- Luogo e data di nascita: Gavignano - Roma, 1160
- Luogo e data di morte: Perugia, 16/07/1216
- Detto Innocenzo 3°
- Ricorrenza in calendario storico: 16 luglio
Eletto papa a soli 37 anni, ripristinò e rafforzò il potere temporale della chiesa cattolica e fu arbitro del Sacro Romano Impero e delle sorti politiche dell'intera Europa.
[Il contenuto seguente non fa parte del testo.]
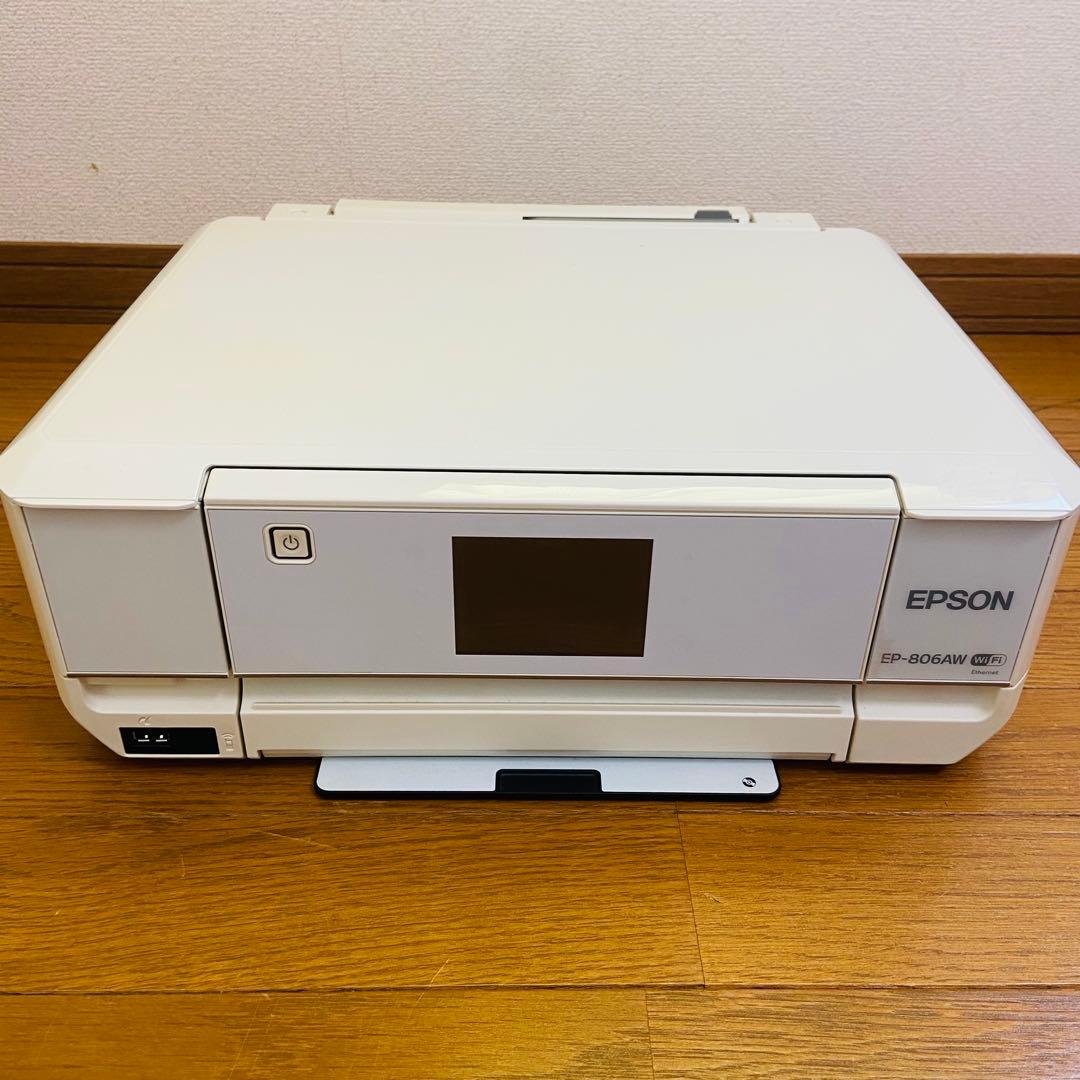 ジャンク品　EPSON EP-806AW インクジェットプリンター　通電確認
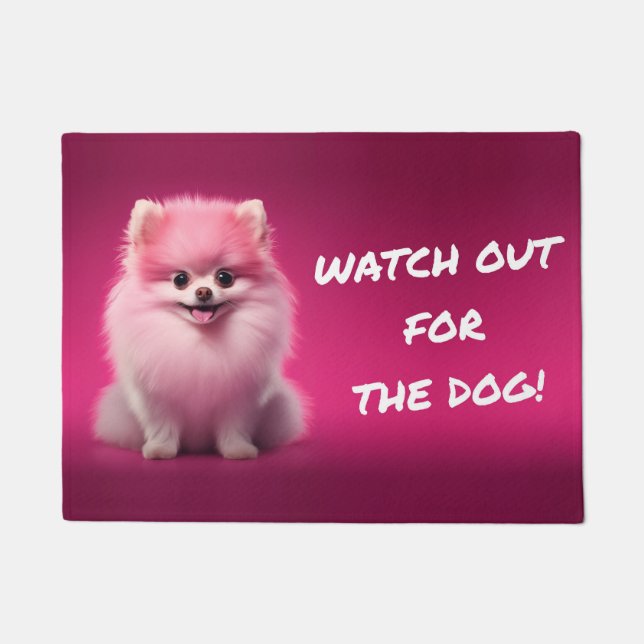 ¡Cuidado con el perro! / Beware of the dog! Fußmatte (Vorderseite)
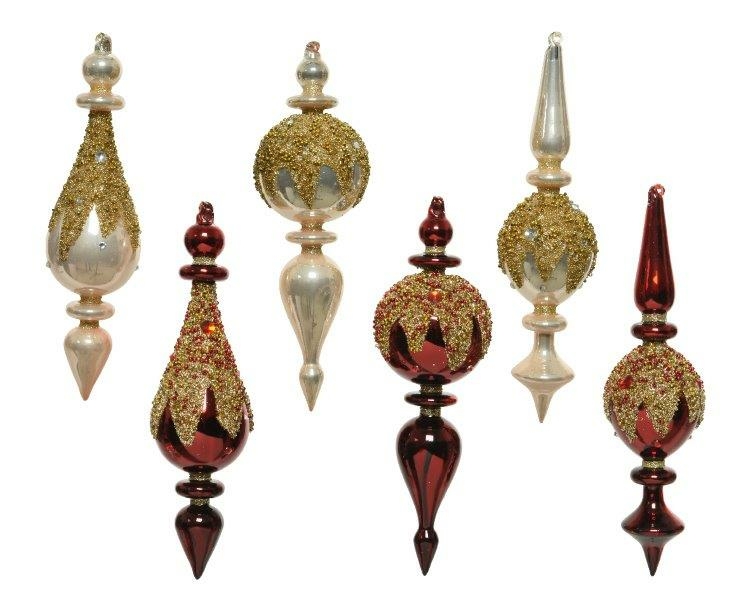 Ornament glass glitterbead (assorted) Ardcarne Garden Centre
Nel 1198 bandì la 4a crociata che si trasformò nei saccheggi e nelle devastazioni di Zara e di Costantinopoli. Nel 1209 bandì la crociata contro i cristiani catari che durò sino al 1244 e si concluse con il loro genocidio dopo massacri di particolare ferocia che fecero circa 200.000 vittime. Nel 1215 convocò il 4° concilio lateranense nel corso del quale fu definitivamente dichiarata la superiorità della chiesa cattolica rispetto a qualunque altro potere secolare in quanto unica depositaria della "grazia" ed esclusiva mediatrice tra dio e gli uomini. Fu bandita la 5a crociata, vennero condannate come eretiche le dottrine di Gioacchino da Fiore, dei Catari e dei Valdesi e fu affidata ai vescovi e ai tribunali dell’inquisizione la lotta contro l'eresia che venne elevata a legge generale della chiesa cattolica. Fu inoltre stabilito il primato papale su tutte le altre sedi patriarcali: Costantinopoli, Alessandria, Antiochia e Gerusalemme. Agli ecclesiastici venne proibito il concubinato e ribadito l'obbligo del celibato, fu imposto ai fedeli il "precetto pasquale" con l'obbligo della confessione e della comunione annuale, si stabilì che dovessero essere pagate le tasse al clero. Fra le altre disposizioni a loro specificamente destinate, fu imposto agli ebrei di indossare un segno distintivo e fu loro vietato di ricoprire uffici pubblici.